I have an active and highly vivid imagination by nature, but for the last few months it has gone to extremes. Hyper-real nightmares that are hard to wake from, vivid colours and extremely detailed ‘plots’ that play out in my head as if scripted from start to finish, and I have no idea where they come from. I play them over in my head and try to remember what might have sparked them (aka dream-plagiarism) but find nothing. I have read that we only dream about faces we have seen before and the faces are often familiar- but about eighty percent of the dream-plots themselves are like nothing I can recall watching, reading or hearing about at any time. There are of course influences around us from religion, media etc- imagery the brain borrows to create the framework of a nightmare. But the dream-script itself seems to have jumped straight out of nowhere but the bubbling core of my brain.

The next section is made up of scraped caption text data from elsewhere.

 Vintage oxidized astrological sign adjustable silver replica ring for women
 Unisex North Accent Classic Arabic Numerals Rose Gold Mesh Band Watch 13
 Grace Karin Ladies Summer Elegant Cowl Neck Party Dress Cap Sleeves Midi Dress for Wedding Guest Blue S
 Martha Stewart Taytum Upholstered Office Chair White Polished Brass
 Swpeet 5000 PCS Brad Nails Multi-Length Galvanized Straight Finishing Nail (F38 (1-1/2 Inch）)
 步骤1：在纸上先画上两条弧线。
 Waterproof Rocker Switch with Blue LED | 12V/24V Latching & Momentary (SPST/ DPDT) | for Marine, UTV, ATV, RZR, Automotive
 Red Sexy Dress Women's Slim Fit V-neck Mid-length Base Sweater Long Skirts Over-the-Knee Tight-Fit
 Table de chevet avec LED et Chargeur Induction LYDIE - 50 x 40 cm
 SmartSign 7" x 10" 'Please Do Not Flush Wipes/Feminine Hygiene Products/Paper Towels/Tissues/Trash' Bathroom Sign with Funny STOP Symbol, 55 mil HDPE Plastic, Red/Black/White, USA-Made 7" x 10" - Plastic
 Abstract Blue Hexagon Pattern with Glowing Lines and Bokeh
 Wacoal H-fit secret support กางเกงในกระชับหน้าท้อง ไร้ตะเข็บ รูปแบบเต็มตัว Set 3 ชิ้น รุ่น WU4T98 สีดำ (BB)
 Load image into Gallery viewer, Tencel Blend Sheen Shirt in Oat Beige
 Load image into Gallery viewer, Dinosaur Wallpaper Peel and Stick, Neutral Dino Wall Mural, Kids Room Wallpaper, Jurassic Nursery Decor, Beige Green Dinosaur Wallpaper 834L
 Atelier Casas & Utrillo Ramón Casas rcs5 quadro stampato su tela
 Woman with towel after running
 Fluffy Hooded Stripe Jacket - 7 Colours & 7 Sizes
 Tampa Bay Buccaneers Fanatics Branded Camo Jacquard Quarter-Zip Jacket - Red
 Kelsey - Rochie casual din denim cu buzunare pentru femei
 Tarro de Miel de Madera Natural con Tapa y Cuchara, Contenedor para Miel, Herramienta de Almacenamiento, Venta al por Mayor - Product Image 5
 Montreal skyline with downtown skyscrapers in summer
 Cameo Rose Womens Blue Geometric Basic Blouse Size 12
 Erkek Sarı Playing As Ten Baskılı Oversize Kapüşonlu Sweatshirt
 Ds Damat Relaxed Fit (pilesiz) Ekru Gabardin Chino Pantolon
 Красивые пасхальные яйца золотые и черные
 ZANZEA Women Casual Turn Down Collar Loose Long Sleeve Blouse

Soon I’ll post the dream I had- I wrote it down the day after I had it and I still cannot believe the detail and clear emotional recall I had of it for weeks after. Even now I shiver at the thought of it. This one wasn’t apocalyptic so much as related to deep-seated issues. I slip into it again in waking life and feel sick at the thought of it being a reality. My daydreams are vivid too, highly involving and self-indulgent. But when something like this comes along I don’t want to stay in it. But anyone with serious day-dream issues can tell you that no matter how bad the dream is, it’s hard to get out once it’s holding you. There’s nothing graphic in it. It’s just a little soul-crushing.

I can name the source of the hyper-vividness: Citalopram, the wonder drug that has calmed my ridiculous anxiety levels down to a wonderfully controllable state where I can actually live instead of being constantly afraid while feeling utterly worthless. Horrific paranoia has been forged over years of family dispute. Wont go in to it. But don’t judge until you’ve been there. Suffice to say that even writing has been easier with these tablets since my mind isn’t clouded by rabidly fearful thoughts. They’ve made everything easier but sleep. Still, imagination is a would-be writer’s best friend so why reject the scratch of madness that replaces the old constancy of self-doubt?

For the first time in years I have a kind of mental clarity which allows me to focus more easily on the tasks I want to work on: Projects put to the side for years because I didn’t have the attention span or the confidence to keep at them. A new project which I am keeping hush-hush is hacking into the personal confines of my heart and brain, making me face who I am and want to be as an adult.

There is no shame in admitting that you need help controlling the mental fog and the deafening white noise of self-hating thoughts that depression creates. I put off using these tablets for months after receiving the prescription from my doctor. I wanted to prove I could do without them. I tried magnesium tablets to improve my nervous system, took omega 3 which is supposed to help your mind as well as your heart. I tried counselling which, while it did help clarify exactly what was happening in my mind when a panic attack hit, did nothing to make them stop. Eating healthy foods, exercising, avoiding caffeine, all kinds of self-help ideas I tried but never panned out.

In the end, it was only the tablets that made me see clearly for the first time in over a decade. And I will get off them some day. I wont use them as a crutch my entire life. But I’ve taken the glimmer of hope they gave and want to use them to push myself out of my cramped shell and out into the world beyond even the most vivid of my dreams.